© Mike Carson/Journal Pioneer
Tracey Allen, left, Summerside Municipal Works director Greg Gaudet, center, and Bobby Dunn, Summerside Heat for Less Program, take part in discussions about establishing an Island-wide renewable energy group.
SUMMERSIDE – Policy changes and education were two priorities that emerged from a second meeting aimed at establishing an Island-wide renewable energy advocacy group on Prince Edward Island.
Tracey Allen, a well-known advocate for renewable energy in P.E.I., in conjunction with the City of Summerside, held a session Monday involving area people involved in renewable energy, along with interested members of the public.
“We’re working to form a volunteer group, almost like an industry association,” Allen said. “We’ve the IT industry for years and bio-alliance; we’d like to have a renewable P.E.I. but not the same structure. It would be all volunteers as opposed to government-funded and making sure that it’s representative Island-wide from each of the counties.”

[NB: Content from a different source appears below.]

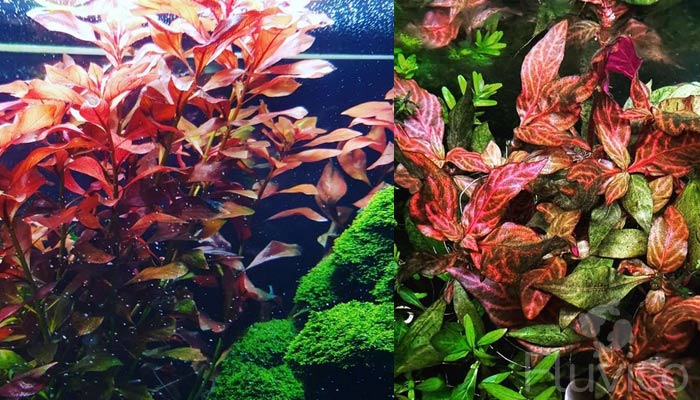 Ludwigia Repens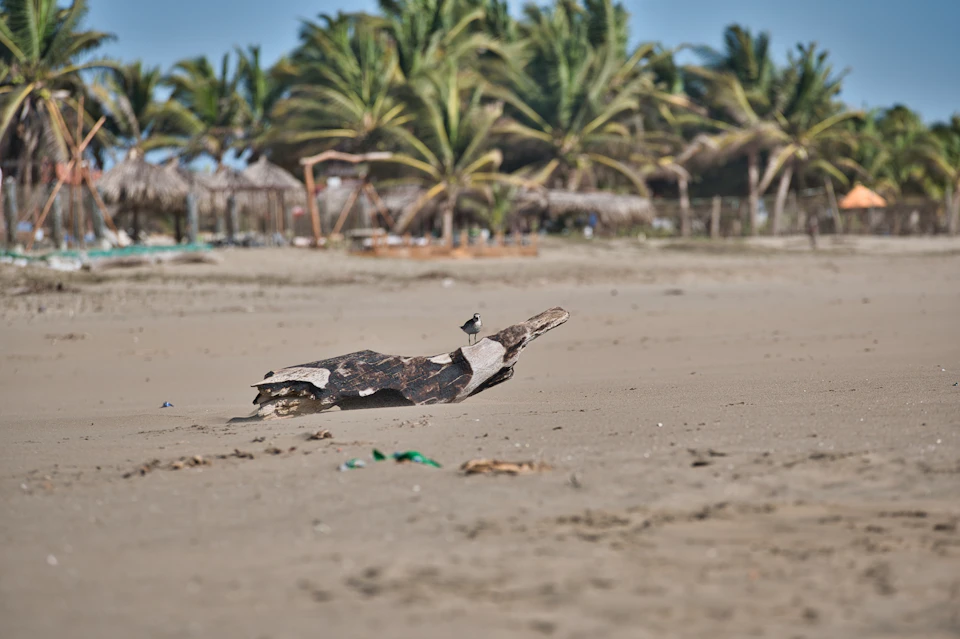 The image depicts a serene beach scene with a large, brown driftwood log lying on its side near the water's edge. The driftwood is positioned towards the left side of the frame and appears to be partially submerged in the sand. In the background, there are several palm trees swaying gently under the clear blue sky. A few people can also be seen scattered around the beach area, adding a touch of life to the tranquil setting.

The image does not contain any discernible text or countable objects, and it is a still photo capturing the essence of a peaceful day at the beach.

A small group gathered at Credit Union Place Monday night and listened while representatives from the City of Summerside discussed its wind turbine generation project and the efforts to minimize the city’s carbon footprint by reducing its dependence on fossil fuels.
The city produces more wind energy than it can consume at one time and is now offering customers thermal storage heating units and water heaters to help reduce their electrical costs.
The city’s Heat for Less program offers Summerside utility customers a guaranteed electrical rate of eight cents per kilowatt-hour for a five-year period.
Municipal Services director Greg Gaudet said this computes to paying 69 cents for a litre of oil. He said at today’s oil prices, the city’s program is offering a 30 per cent savings on current home heating costs.
While the city is making progress in renewable energy, the discussions centered around what needs to be done to improve the initiative on a province-wide basis.
“Policy change, that was the big, big thing,” Allen said following the discussions. “Whether it’s fees and tariffs or whether it’s allowing or recognizing renewable energy, the group saw a need for co-operation between the three levels of government, municipal, provincial and federal to get policies in place that recognize renewable energy and help promote it,” she said.
“They want the electric cars for both storage and infrastructure,” Allen said. “They see that as the future and policy definitely has to change in order to make a lot of the changes they see that need to be changed.”
Education was another priority the group had. They said there is a need for the public to understand that renewable energy projects are not science fiction, but are here today and will not only help the environment but also save them money.
“People don’t want to talk kilowatts,” Allen said. “They want to talk dollars and cents. What does it mean to me?”
Allen said the meeting in Summerside had a different focus than the one held previously in Charlottetown.
“What was interesting was the meeting in Charlottetown had a whole different feel to it and issues,” she said. “It’s nice that every area seems to have a different focus. When we go Oct. 26 to Fortune Bridge for the east end of the Island, they’ll probably have a whole different view too.”